I have developed a crippling fear of change. I'm not exaggerating about that either. I have had two break downs in the last two days because I am terrified of this amazing opportunity that is ahead of me this summer. See, I got a summer job. Yay! But it's 5 1/2 hours away and I'll be gone for 8 weeks. That scares the shit out of me. I hate the thought of being away from home for that long and that far away by myself. With no one I know. I won't have my friends or family. I won't have my dogs or my house. I won't have my room. The one place that is mine. The one place I can control basically everything. I won't have my bed or my computer or my obnoxiously pink walls. I'll be sharing a cabin with other people. I won't have a place to myself. I am terrified.

As I have gotten older and lived at home longer the more severe my anxiety gets. I panic at the thought of something changing. Thinking about being away makes me literally sick to my stomach. I want to quit and I haven't even signed a contract yet.
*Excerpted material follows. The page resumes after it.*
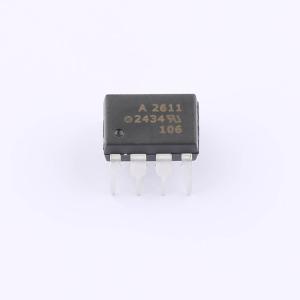 HCPL-2611-000E商品缩略图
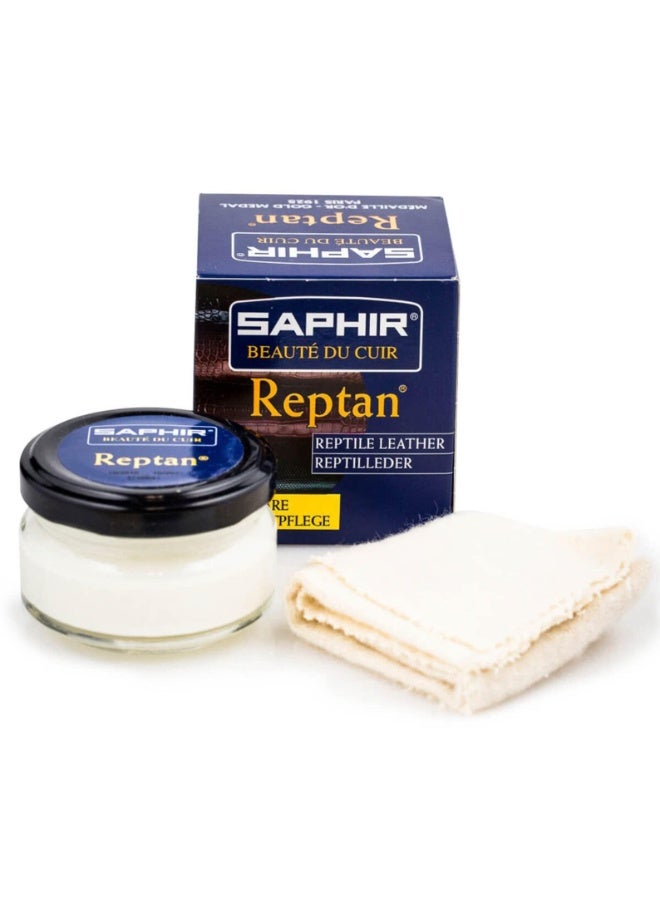 REPTAN saphir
I hate this. I have literally made myself sick to get out of a situation that I was uncomfortable with so I could go back to "normal." I like my house and my room and my dog. It is comfortable and home. And every time a new opportunity comes up and I think to take it and then chicken out because I don't want to leave the comforts of my room. I am 22 years old and I am scared to leave my house how freak'n sad is that?! Like, come on! I just want to scream "GET OVER YOURSELF!" at me all the time.
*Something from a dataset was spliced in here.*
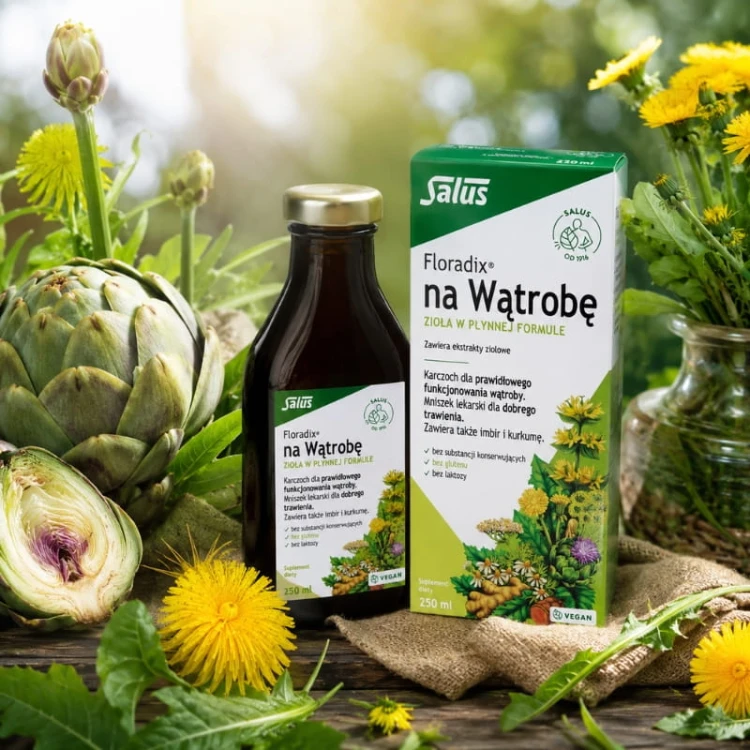 floradix-na-watrobe-250ml (3).jpg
I know God has a plan. I know I am meant to go work this camp. I can feel it in my bones. I just feel Satan taking a hold of me and exploiting my weakness for all its worth. I pray, I pray a lot. I pray "Please Lord, I am terrified!" I read Isaiah 41:13 over and over again. Still I feel this grasp Satan has and he's not letting go. I try to run to Christ because I know that He is the only one who can help me. But the closer summer gets the more real every thing gets. And the more terrified I become. I hate this I hate this I hate this!!!!!!!!!!!!!!
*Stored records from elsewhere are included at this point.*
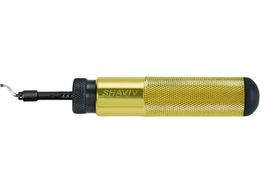 SHAVIV �Z�b�gB �A���~�j�E�� 155-29066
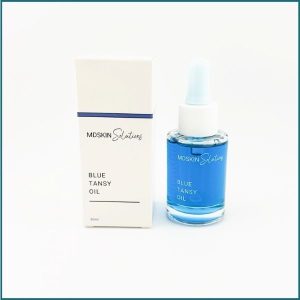 Hydrating & Soothing Face/Neck Oil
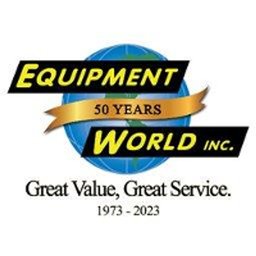 Equipment World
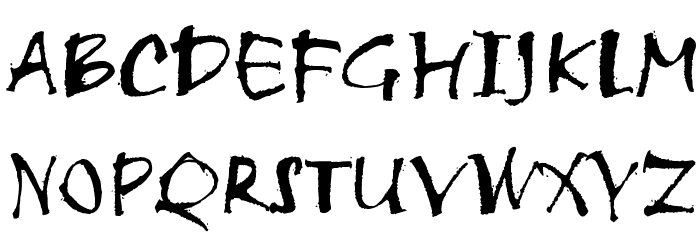 Шрифт scratch. Scratch русский шрифт. Made from Scratch шрифт. Scratch font Cyrillic.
Why do I have to have literally life crippling anxiety? Why does it take over and consume me when I have an amazing opportunity right in front of me. It is so close I don't even have to stretch my arm out to grab it. It's practically being placed in my hand.

I really wish I had told her that I couldn't be there until the 5th. Having a full day at home might help. But it might hurt as well. Make it even harder to go than it already is. My mom said she'll take me down there. And I need her to but how lame is that! I need my mom to take me so I don't just turn my car right back around and go home.

I'm exhausted and I'm pretty sure it's Satan's doing. He makes me think about all this stuff the week that I leave the house at 7 am and don't get home until almost midnight. I'm already tired so he takes this marvelous opportunity to latch on and make me flip and cry and call my mom at midnight because I am having a panic attack.

Lord, I need you! I'm a believer help me believe!

As exhaustion leads the way I am going to pass out any second so I'll wrap this up. I hate change, I have control issues, and I have horrible anxiety. I know I have these problems and I am trying to deal with them. I just hope I can get a hold of them before camp starts. BAH! I HATE THIS!!!!!!!!